In the summer of 2006, the International Astronomical Union unceremoniously stripped Pluto of its planetary status, demoting it to the sniggle-inducing subcategory of "dwarf planet." Those were dark days in the Milky Way, indeed. Roughly one year later, a quintet of presumably disillusioned St. Mike's students came together to honor the passing of one of our solar system's greats the only way they knew how: with hard rockin'. So it was that In Memory of Pluto was born.
With their self-titled debut EP, IMOP have attempted to capture the infectious energy of the high-voltage live performances that earned the band a soft spot in the collective heart of local pop-punk and indie-rock fans. But translating that frenetic immediacy to a little plastic disc is no small feat. Though it's not for lack of ability, the band's freshman studio offering falls flat, failing to impart the same vivacity fans have come to expect from their raucous live show.

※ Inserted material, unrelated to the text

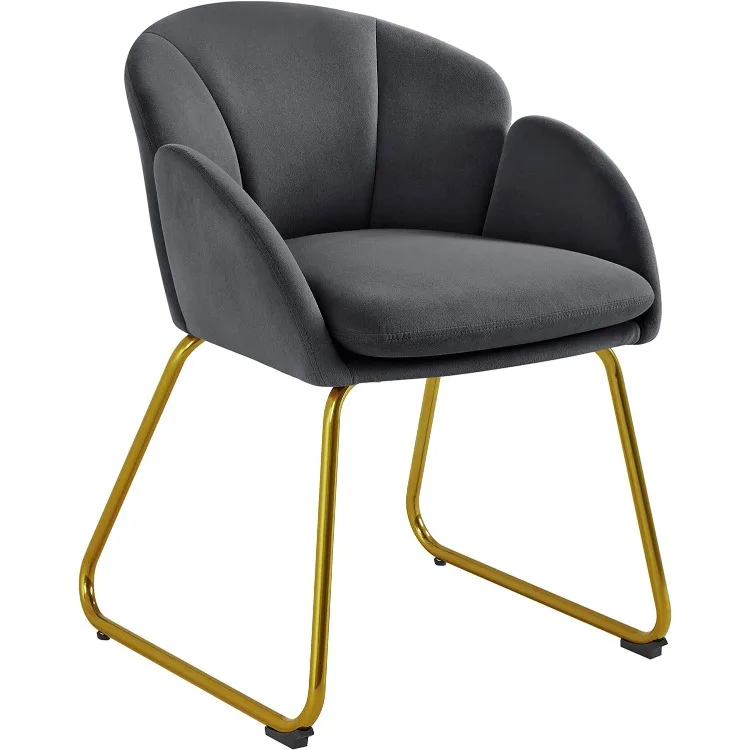 Flower Shape Velvet Armchair, Modern Side Chair Vanity Chair with Golden Metal Legs for Living Room/Dressing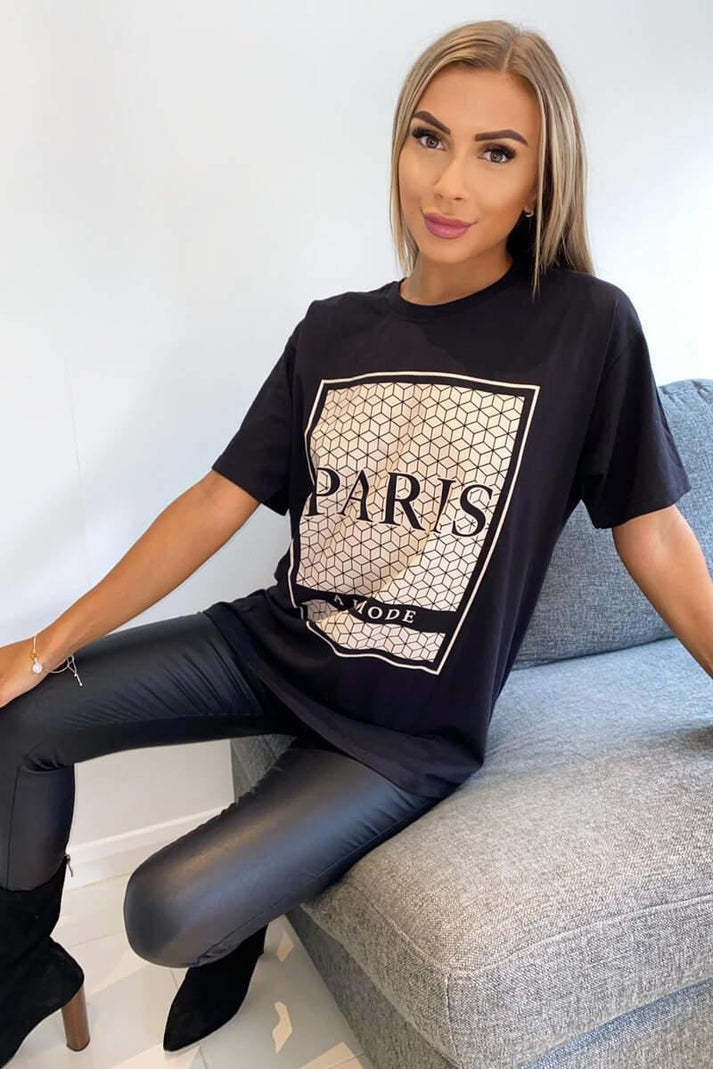 Parisian Print Oversize Tee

The exception to the rule is the opening track, "Cutting Open the Fiction" (CLICK HERE TO LISTEN). It's a fitting starting point and showcases the band's undeniable ability to unleash poppy-as-fuck melodic angst over turn-on-a-dime changes and rhythmic patterns. It's a signature cut. It's also the most cleanly produced of the four songs offered.
"Set the House on Fire," which follows, is emblematic of the EP's larger issues. While there is no shortage of the aforementioned sonic highjinks, the band's delivery as a whole seems rigid and forced, lacking the fluidity of their live show. In particular, front man Seth Gallant's vocal performance borders on the histrionic and suffers from frequently sliding pitch.
Further compounding the issues, the track — and, sadly, the disc in general — is poorly mixed, almost to the point of distraction. Bassist Zack Jandl and drummer Ryan McGrath, who arguably serve jointly as the band's lynchpin, exist largely in the shadows behind Bill Jandl and John Flanagan's wall of unbalanced dueling guitars. Similarly, Gallant's vocals are often frustratingly set too far back in the mix. It's a shame, since the material is largely first-rate. But the listener has to work to appreciate it.
Depending on your musical world view, you may feel In Memory of Pluto's EP misrepresents the band as either a muscular Jimmy Eat World or a malnourished Modest Mouse. Given the band's obvious talent and deservedly growing reputation for blistering live performances, it's an unfortunate result.
In Memory of Pluto is one of the area's most exciting live acts — and, quite simply, they deserve a better recorded representation. This Friday, catch them in their element as the band releases its new disc at The Monkey House.